Data cleaning (also called data cleansing or scrubbing) is especially required when integrating heterogeneous data sources and should be addressed together with schema-related data transformations. In data warehouses, data cleansing is a major part of the so-called ETL process. Data cleansing deals with detecting and removing errors and inconsistencies from data in order to improve the quality of data. When multiple data sources need to be integrated, e.g., in data warehouses, federated database systems or global web-based information systems, the need for data cleansing increases significantly. Most data cleansing is typically performed in a separate data staging area before loading the transformed data into the warehouse. A data cleansing approach should satisfy several requirements. First of all, it should detect and remove all major errors and inconsistencies both in individual data sources and when integrating multiple sources. The approach should be supported by tools to limit manual inspection and programming effort and be extensible to easily cover additional sources.
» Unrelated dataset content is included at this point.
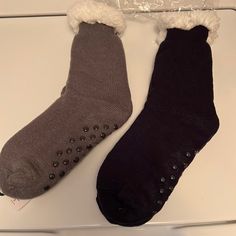 Two Pair Of Thick, Soft, Cushiony, Comfy Socks With The Grips On The Bottom Brand New, Adult Sized - Womens One Size Fits All One Black Pair, One Grey Pairinside Warmth Is White Fluffy Material Brand New With Tags! Smoke Free Home Panda Socks, Ankle High Socks, Grippy Socks, Sparkle Socks, Comfy Socks, Dog Socks, Over The Knee Socks, Accessories Brand, Boot Cuffs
Furthermore, data cleansing should not be performed in isolation but together with schema-related data transformations based on comprehensive metadata. Mapping functions for data cleansing and other data transformations should be specified in a declarative way and be reusable for other data sources as well as for query processing. Especially for data warehouses, a workflow infrastructure should be supported to execute all data transformation steps for multiple sources and large data sets in a reliable and efficient way.
Rahm and Do (University of Leipzig, Germany) in their 2000 IEEE paper on the subject classify major data quality problems to be solved by data cleaning and data transformation into the nature of the integration required (single source vs. multi source). They also describe the different approaches to be taken in phases to address the data cleansing process. The approaches, described in detail in the authors’ work, are summarized as follows:
Data analysis: To detect and create an inventory of errors and inconsistencies to be removed. May involve manual inspection of the data or data samples as well as profiling programs.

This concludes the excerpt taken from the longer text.